Magnesium doped helium nanodroplets

TL;DR

This study uses density functional theory to explore how magnesium atoms behave inside helium nanodroplets, revealing size-dependent solvation states, effects on spectral lines, and the formation of weakly-bound magnesium aggregates.

Contribution

It provides new insights into magnesium solvation in helium droplets, including size-dependent localization, spectral effects, and the formation of weakly-bound magnesium structures, supported by theoretical and experimental comparisons.

Findings

Mg resides on the surface of small helium droplets.

In large droplets, Mg is fully solvated and delocalized.

Mg atoms tend to form weakly-bound pairs, not dimers, due to helium environment barriers.

Abstract

We have studied the structure of $^4$He droplets doped with magnesium atoms using density functional theory. We have found that the solvation properties of this system strongly depend on the size of the $^4$He droplet.

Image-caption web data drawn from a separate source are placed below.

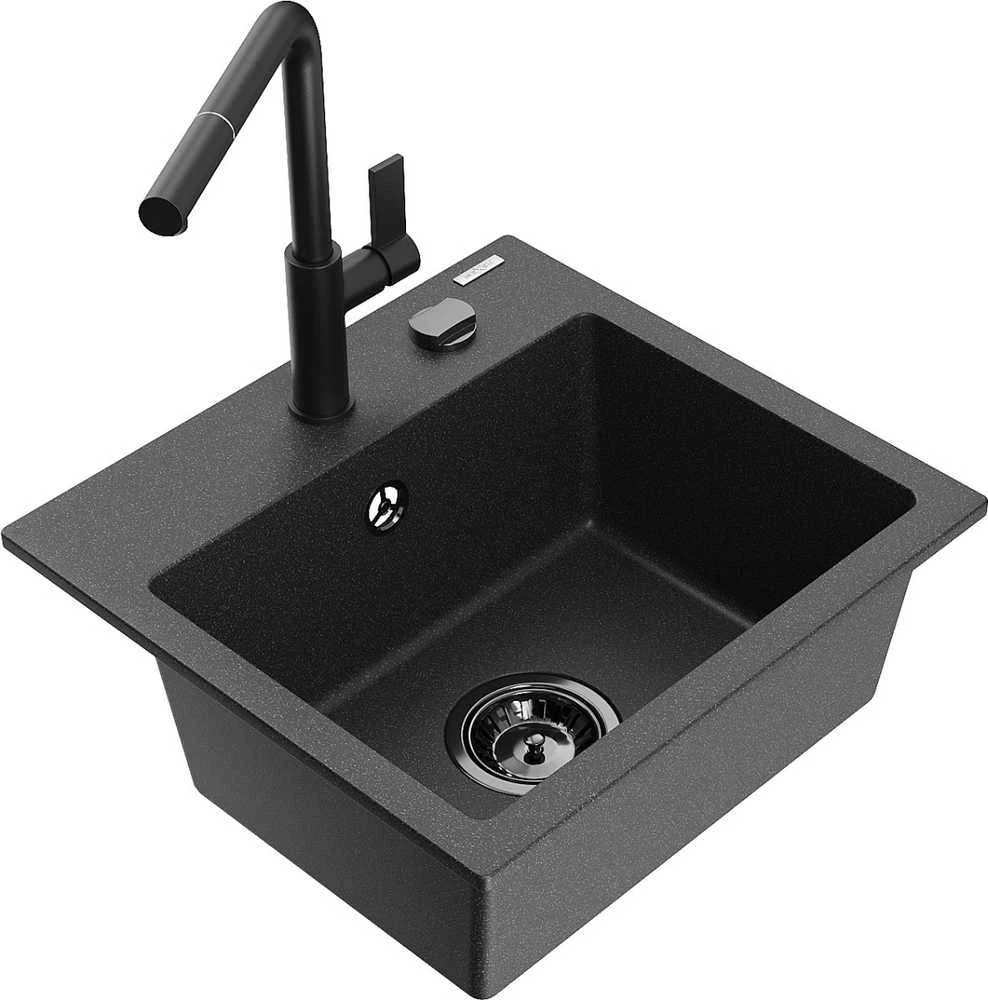Granitinė virtuvinė plautuvė Mexen Milo su maišytuvu ir sifonu, Juodas granite+Juodas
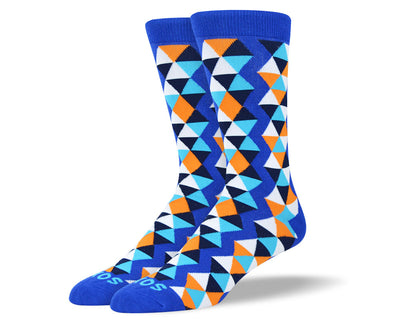 Men's Blue Funky Socks Triangle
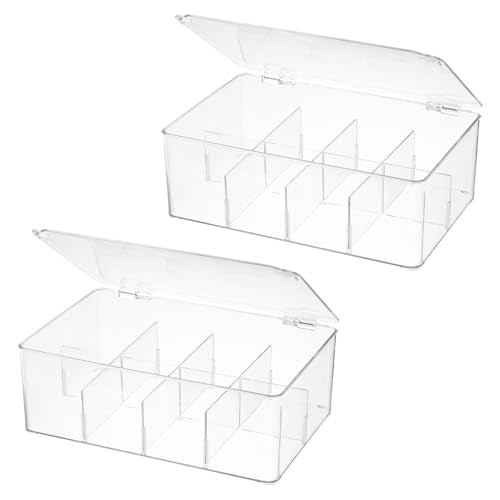 Divided Clear Plastic Organizer Bin with Hinge Lid, 8 Sections Tea Bag Storage Box for Kitchen, Snacks, Spice Packets,Pouches, Stackable Storage Bin - color: Two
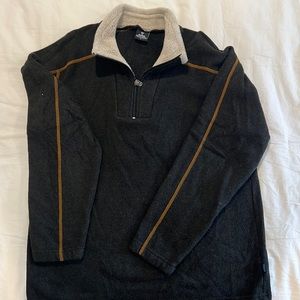 Kuhl 1/4 zip dark brown sweatshirt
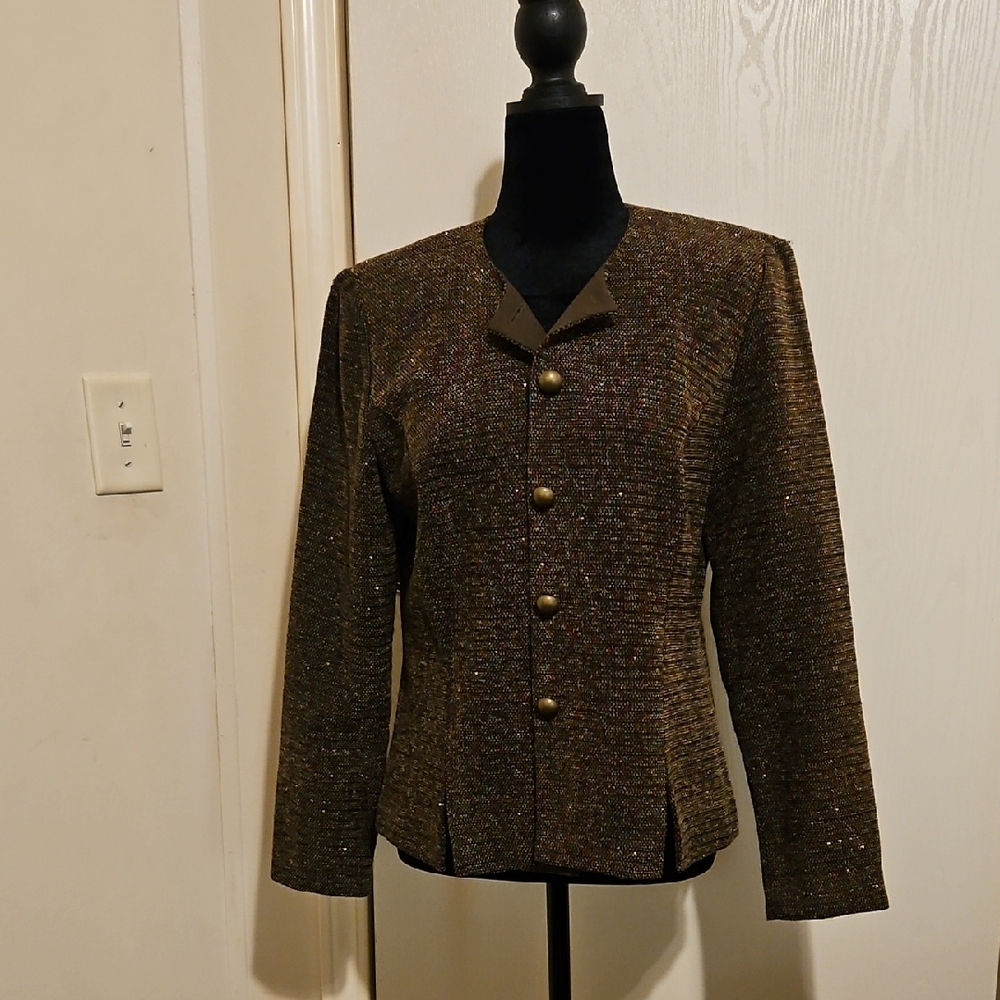 Leslie Fay Multi Colored Textured Blazer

For small drops, Mg resides in a deep surface state, whereas for large size drops it is fully solvated but radially delocalized in their interior. We have studied the $3s3p$ $^1$P$_1 \leftarrow 3s^2$ $^1$S$_0$ transition of the dopant, and have compared our results with experimental data from laser induced fluorescence (LIF). Line broadening effects due to the coupling of dynamical deformations of the surrounding helium with the dipole excitation of the impurity are explicitly taken into account. We show that the Mg radial delocalization inside large droplets may help reconcile the apparently contradictory solvation properties of magnesium as provided by LIF and electron-impact ionization experiments. The structure of $^4$He drops doped with two magnesium atoms is also studied and used to interpret the results of resonant two-photon-ionization (R2PI) and LIF experiments. We have found that the two solvated Mg atoms do not easily merge into a dimer, but rather form a weakly-bound state due to the presence of an energy barrier caused by the helium environment that keep them some 9.5 \AA{} apart, preventing the formation of the Mg$_2$ molecule. From this observation, we suggest that Mg atoms in $^4$He drops may form, under suitable conditions, a soft ``foam''-like aggregate rather than coalesce into a compact metallic cluster. Our findings are in qualitative agreement with recent R2PI experimental evidences. We predict that, contrarily, Mg atoms adsorbed in $^3$He droplets do not form such metastable aggregates.